• DATA EXCERPT:
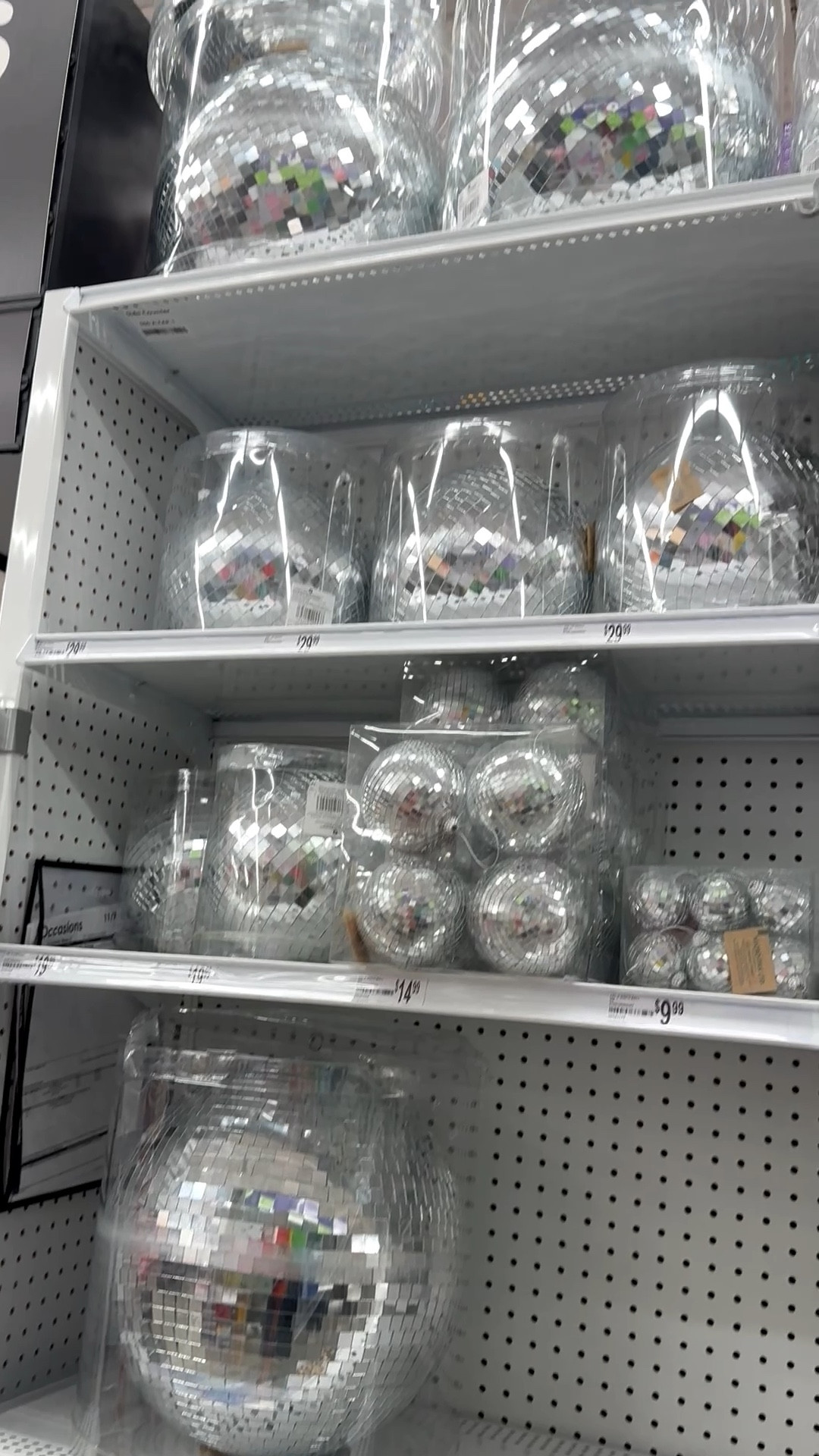 Get NYE ready with disco balls of every size! 🪩 Hang them over your dance floor, string them together to create a disco ball garland, or group them in a bowl or oversized glass vase as festive decor. 

#discoball #discoballgarland #mirrorball #mosaic #mirrortileball #discoballornaments #discoballdecor #NYE #newyearseve #NYEparty #hangingdiscoball

#LTKFindsUnder100 #LTKHome #LTKHoliday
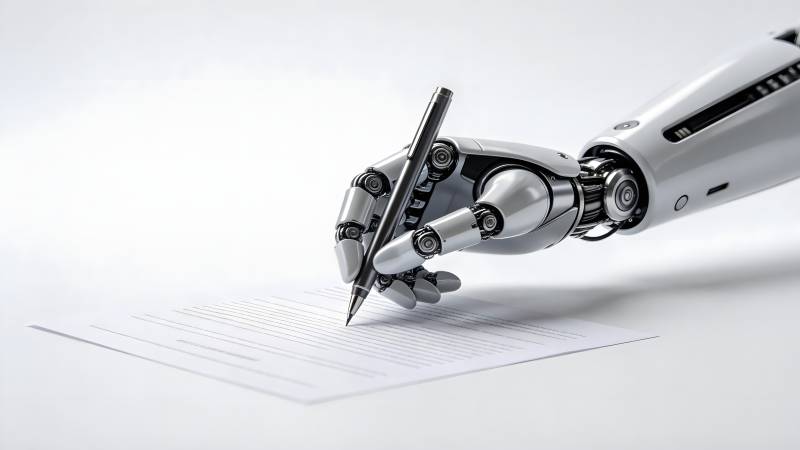 机械手书写未来图片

• EXERCISE DIRECTIONS: Omit the pictures, then retype the remaining material without a single change.

• ANSWER SPACE:
 Get NYE ready with disco balls of every size! 🪩 Hang them over your dance floor, string them together to create a disco ball garland, or group them in a bowl or oversized glass vase as festive decor. 

#discoball #discoballgarland #mirrorball #mosaic #mirrortileball #discoballornaments #discoballdecor #NYE #newyearseve #NYEparty #hangingdiscoball

#LTKFindsUnder100 #LTKHome #LTKHoliday
 机械手书写未来图片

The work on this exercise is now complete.